=== Recorded information ===
<<<<

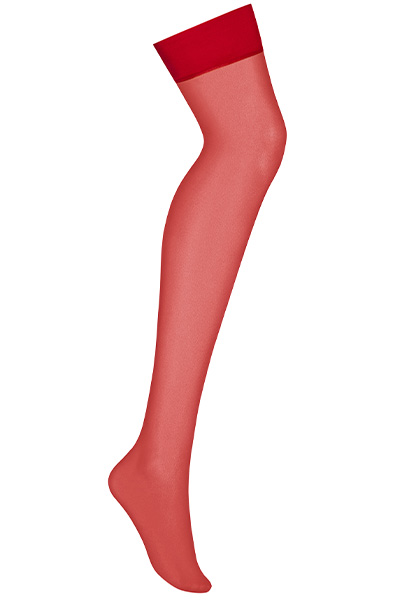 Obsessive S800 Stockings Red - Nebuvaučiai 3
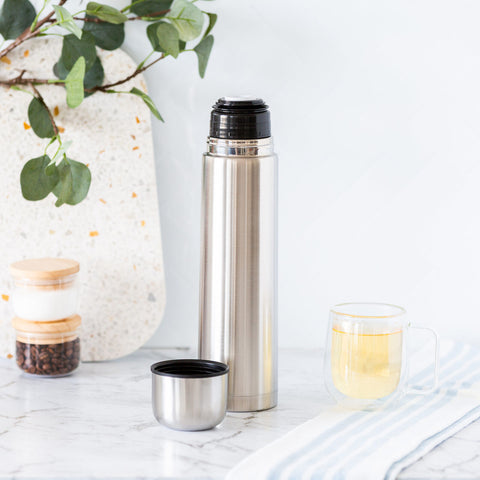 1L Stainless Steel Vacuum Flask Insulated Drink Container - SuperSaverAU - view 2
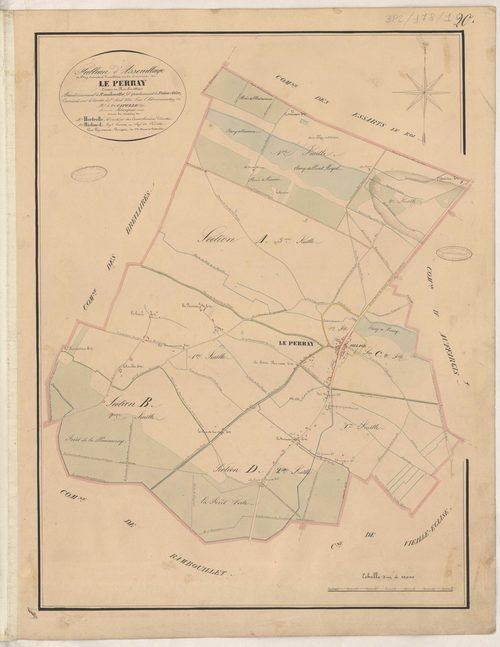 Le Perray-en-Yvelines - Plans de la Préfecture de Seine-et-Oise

>>>>

=== Exercise details ===
For this exercise, retype exactly, and only, the lines from the line with "1L Stainless Steel" through the last line of the material above, both included. Pictures stay out.

=== Answer section ===
 1L Stainless Steel Vacuum Flask Insulated Drink Container - SuperSaverAU - view 2
 Le Perray-en-Yvelines - Plans de la Préfecture de Seine-et-Oise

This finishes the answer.